The most popular supplementary/ancillary substances declared by AAS users in multiple studies were: alcohol, amphetamine/meth, aspirin®, caffeine, cannabis/cannabinoids, clenbuterol, clomiphene citrate, cocaine, codeine, creatine, ephedra/ephedrine, erythropoietin, furosemide, gamma hydroxybutyrate (GHB), growth hormone, heroin, human chorionic gonadotropin (hCG), insulin, insulin-like growth factor 1 (IGF-1), melanotan, nalbuphine/nubain®, protein powder, tamoxifen, thyroxine, and tobacco. Other popular classes of substances presented were analgesics/opioids, anti-oestrogens, benzodiazepines, dietary/nutritional supplements, diuretics, hallucinogens, and stimulants (see Table 3).
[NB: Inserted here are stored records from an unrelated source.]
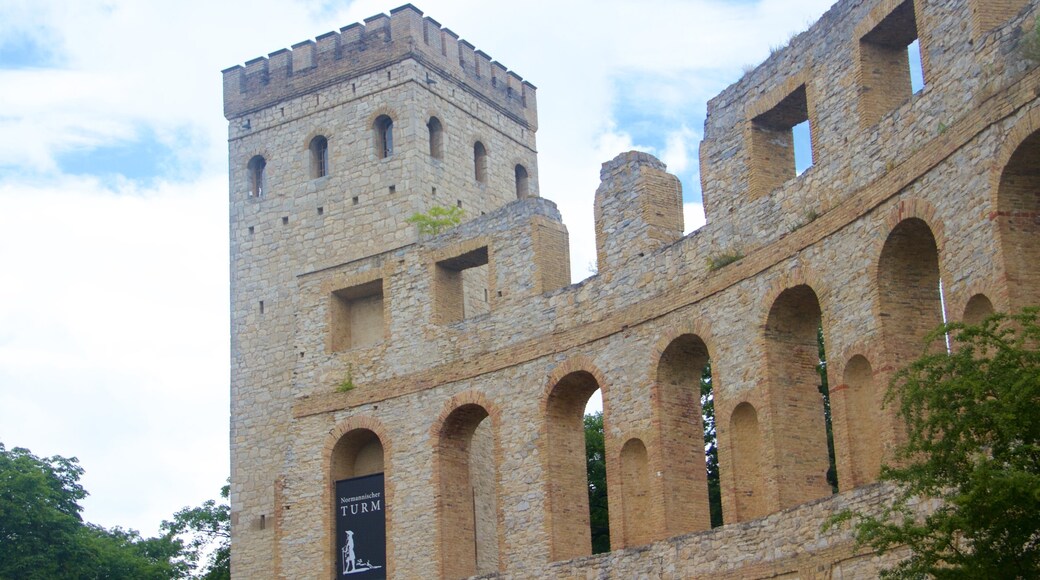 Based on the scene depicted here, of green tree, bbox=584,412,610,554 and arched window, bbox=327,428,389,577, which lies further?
green tree, bbox=584,412,610,554

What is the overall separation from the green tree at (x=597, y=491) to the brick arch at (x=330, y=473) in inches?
295

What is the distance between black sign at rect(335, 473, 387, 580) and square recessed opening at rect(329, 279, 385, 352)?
115 inches

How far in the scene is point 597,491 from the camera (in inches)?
1463

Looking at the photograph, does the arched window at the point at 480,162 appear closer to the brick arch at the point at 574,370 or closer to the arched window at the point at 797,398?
the brick arch at the point at 574,370

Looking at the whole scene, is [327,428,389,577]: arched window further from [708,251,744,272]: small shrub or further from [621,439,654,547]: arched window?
[708,251,744,272]: small shrub

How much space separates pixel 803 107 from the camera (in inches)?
998

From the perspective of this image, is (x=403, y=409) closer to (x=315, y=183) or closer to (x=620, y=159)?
(x=620, y=159)

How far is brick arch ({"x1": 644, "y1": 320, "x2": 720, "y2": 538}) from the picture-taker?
25297mm

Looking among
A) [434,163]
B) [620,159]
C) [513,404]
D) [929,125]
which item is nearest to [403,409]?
[513,404]

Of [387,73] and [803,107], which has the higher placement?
[387,73]

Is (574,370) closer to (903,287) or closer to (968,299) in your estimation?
(903,287)

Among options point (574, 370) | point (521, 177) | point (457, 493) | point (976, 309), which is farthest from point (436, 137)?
Answer: point (976, 309)

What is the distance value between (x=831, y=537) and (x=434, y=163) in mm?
17990

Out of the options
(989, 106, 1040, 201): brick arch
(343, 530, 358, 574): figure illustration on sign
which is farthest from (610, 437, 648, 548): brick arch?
(989, 106, 1040, 201): brick arch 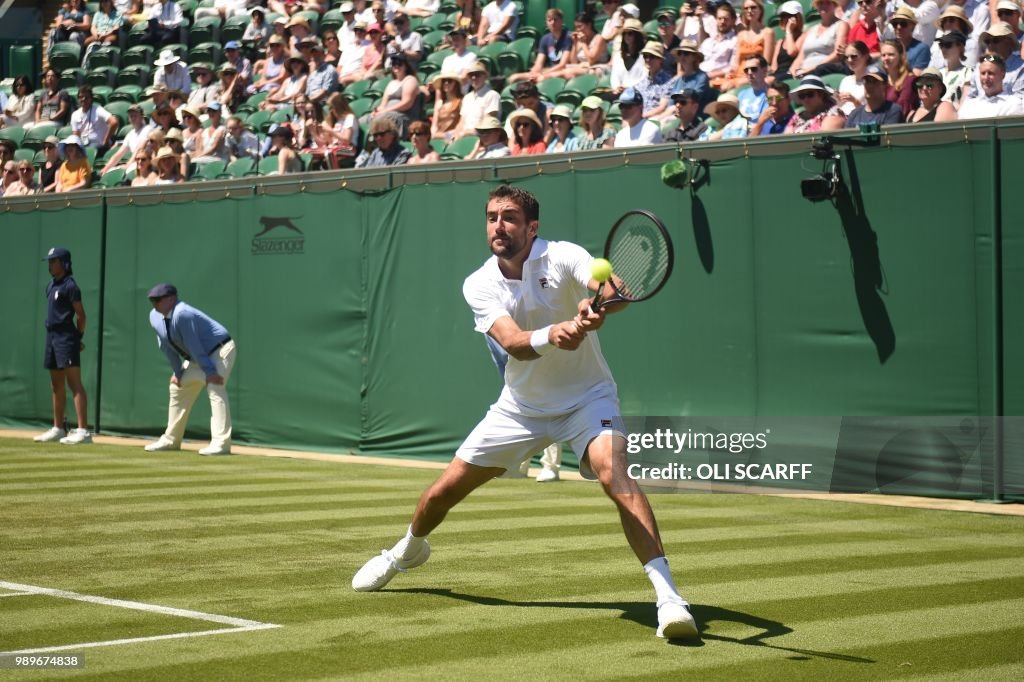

Table 3 Use of non-AAS substances, reason(s)/motive(s) for use, and studies

Lifetime polypharmacy

We also investigated lifetime use of other substances by AAS users. The most popular substances (declared in multiple studies) were: 2,4-dinitrophenol (DNP), alcohol, aminogluthimide, amphetamine/meth, aspirin®, buprenorphine, caffeine, cannabis/cannabinoids, clenbuterol, clomiphene citrate, cocaine, codeine, creatine, ephedra/ephedrine, erythropoietin (EPO), furosemide, gamma hydroxybutyrate (GHB), growth hormone, heroin, human chorionic gonadotropin (hCG), insulin, insulin-like growth factor 1 (IGF-1), ketamine, levodopa, lysergic acid diethylamide (LSD), melanotan, nalbuphine/nubain®, oxycodone, protein powder, sildenafil/viagra®/cialis®, tamoxifen, thiomucase, thyroxine, and yohimbine. Other popular classes of substances presented were analgesics/opioids, antibiotics, anti-catabolics, anti-oestrogens, benzodiazepines, blood pressure regulators, bronchodilators, dietary/nutritional supplements, diuretics, hallucinogens, inhalants, stimulants, and testosterone releasers/boosters.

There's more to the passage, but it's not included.